With The Marine, John Cena follows in the footsteps of men like Hulk Hogan and Kane who looked upon themselves and said, "Hey, I'm a wrestling star...I should be doing movies!" However, I find it best to view this film as more of a grand social experiment than an actual movie. Call me crazy, but I think The Marine may have been designed as a test to see how many people would pony up cash for the same sort of movie they could watch at home on cable for free. Sadly, I am one of these poor souls.

Cena plays John Triton, a U.S. marine who finds himself faced with living a civilian life after being honorably discharged from service. Although "normal" life starts to bore him, John's still glad he can be with his beautiful wife Kate (Kelly Carlson). The happy couple decides to get out and enjoy the open air one weekend, but as it turns out, they would have been better off staying home.

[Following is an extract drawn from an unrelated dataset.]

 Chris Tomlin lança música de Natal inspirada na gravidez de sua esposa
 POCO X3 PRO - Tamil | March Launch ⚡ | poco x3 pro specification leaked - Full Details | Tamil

A simple stop for gas has John crossing paths with homicidal jewel thief Rome (Robert Patrick) and his gang, who kidnap Kate and leave the ex-marine for dead in one of many gigantic explosions that will take place over the course of the film. Whatever the Marines are smoking, I'd like a little of it, because John not only survives but quickly transforms into a one-man fighting force, calling upon skills he learned in the service to track down his wife, rescue her, and lay the smackdown on Rome's crew in the process.

Hey, I have a message for The Marine: the late 1980s called, and they want their crummy action movie back.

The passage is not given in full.